1961年のバージニア州。NASAでは、コンピュータが普及する前の計算を人間が担っていました。その一部門を、黒人女性たちが支えています。

キャサリンは類まれな計算能力を買われ、宇宙特別研究本部へ配属されます。しかし白人男性ばかりの職場で、彼女が使えるトイレは800メートル先にしかありませんでした。

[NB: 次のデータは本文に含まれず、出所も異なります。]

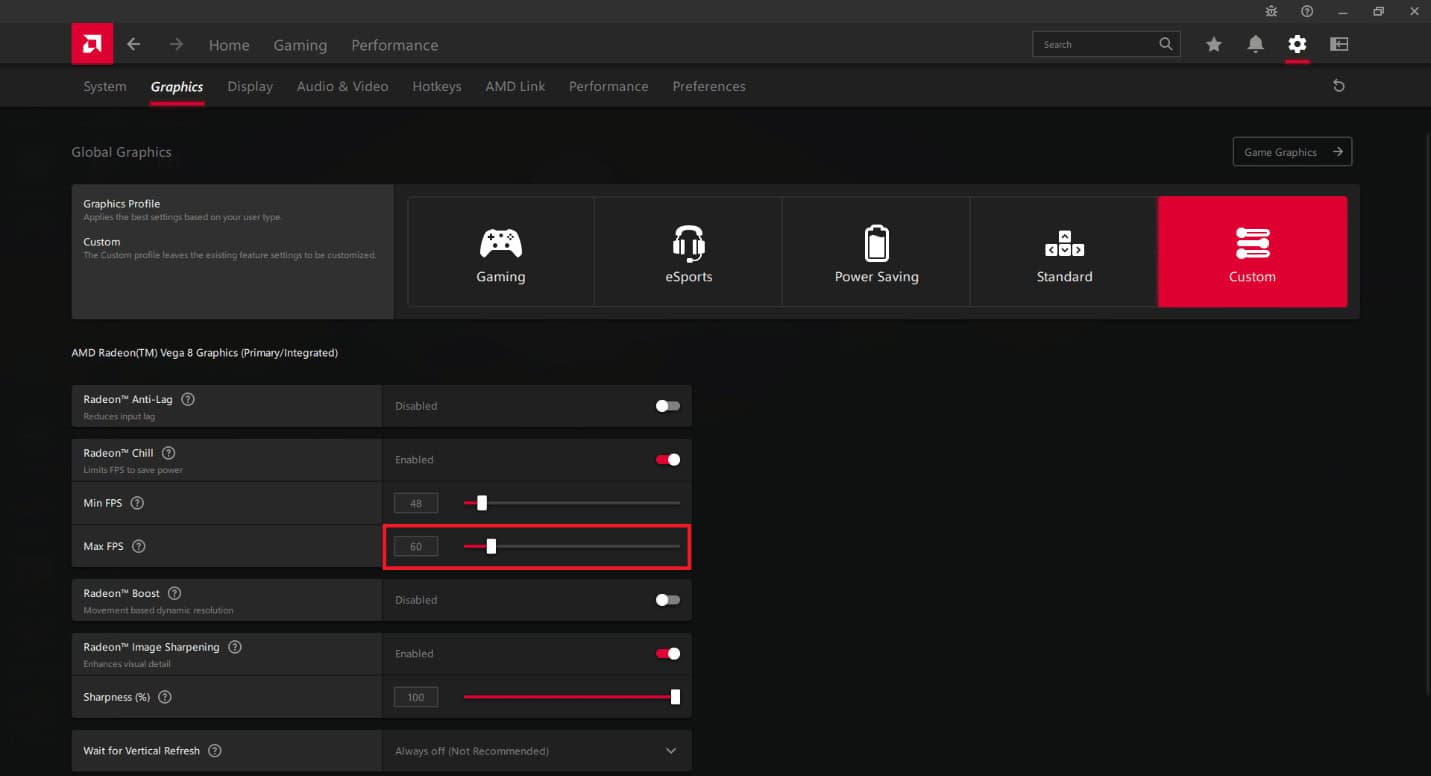 Adjust the Max FPS slider to the desired frame rate limit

ドロシーは管理職の仕事をしながら役職を与えられず、メアリーは技術者になる資格を得るために裁判所へ向かいます。三人は、それぞれの方法で壁を越えようとします。

ここが見どころ

仕事映画としての面白さ

差別の話であると同時に、計算で問題を解いていく職業ものとして楽しめます。黒板の場面が気持ちいい。

トイレの距離

800メートル離れたトイレへ走る場面が繰り返されます。制度的な差別を、時間の無駄という具体で示したのが上手い。

先を読む姿勢

ドロシーが計算機の登場を見越してプログラミングを学ぶ筋が良い。抗議ではなく、技能で立場を作ります。

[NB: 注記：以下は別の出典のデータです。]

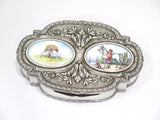 7.75 in - European Silver Gilt Interior Enamel Antique Continental Nobleman Box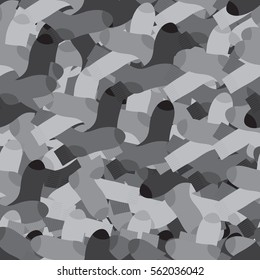Camouflage background of socks. Army seamless pattern. Vector grey texture.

この映画について:宇宙開発を支えた計算手は、黒人女性たちだった。

実話をもとにした作品です。差別を扱いながら、観たあとに気分が良くなるという珍しい作りをしています。

その理由は、三人が受け身でないからでしょう。彼女たちは常に何かを解いており、その結果として立場を変えていきます。

一方で、白人の上司が差別を撤廃する場面などは脚色が入っています。実際にはもっと当事者の努力によるものだったと指摘されており、この点は割り引く必要があります。

娯楽としての完成度は高い。入門として、また子どもと観る作品として適しています。

この作品の良さ

  • 職業ものとしての面白さ
  • 差別を具体的な不便として示す描写
  • 技能で立場を作る三人の造形
  • 重い題材を爽快にまとめた構成

当サイトの評価

4.1/5.0

宇宙開発を支えた計算手は、黒人女性たちだった。

項目別の採点(5点満点)
項目点数
脚本4.0
映像美4.0
音楽4.2
演技4.4
余韻4.2

世間ではどう評価されているか

米アカデミー賞
ノミネート 作品賞ほか3部門
題材
1960 年代のNASA
日本公開
2017

数字は2026年8月時点で確認できたものです。IMDbのスコアや公開中の作品の興行収入は、その後も変動します。

1960年代のNASAで働いた黒人女性たちの実話をもとにした作品で、アカデミー賞作品賞にノミネートされました。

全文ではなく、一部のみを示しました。